People, relatives, staff and external professionals did not have confidence in the registered manager and provider. Staff were visibly upset about the lack of time to provide a good service to people they cared about. They did not feel valued, listened to or part of a team, despite regular supervision session with more senior staff or management. All staff had received appropriate induction and training but felt they could not put this into practice.
The home was not always clean and free from offensive odours. There was no attention to detail and domestic shift patterns meant at times care staff had to provide cleaning which they did not have time to do.

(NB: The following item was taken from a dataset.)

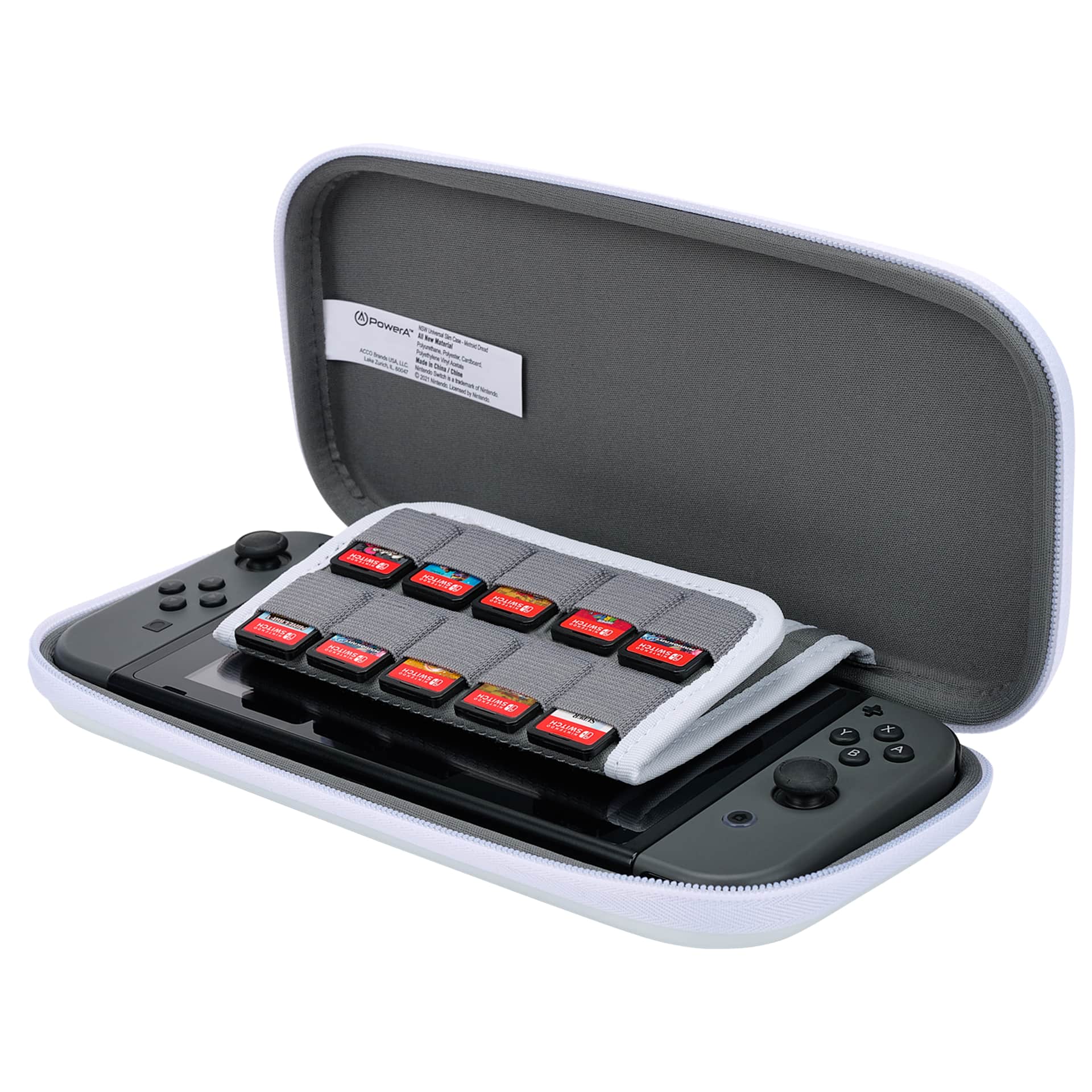 Nintendo Switch Slim Case (Metroid Dread) - My Nintendo Store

The overall rating for this service is 'Inadequate' and the service is therefore in 'special measures'. Services in special measures will be kept under review and, if we have not taken immediate action to propose to cancel the provider's registration of the service, will be inspected again within six months. The expectation is that providers found to have been providing inadequate care should have made significant improvements within this time frame. If not enough improvement is made within this timeframe so that there is still a rating of inadequate for any key question or overall, we will take action in line with our enforcement procedures to begin the process of preventing the provider from operating this service. This will lead to cancelling their registration or to varying the terms of their registration within six months if they do not improve. This service will continue to be kept under review and, if needed, could be escalated to urgent enforcement action.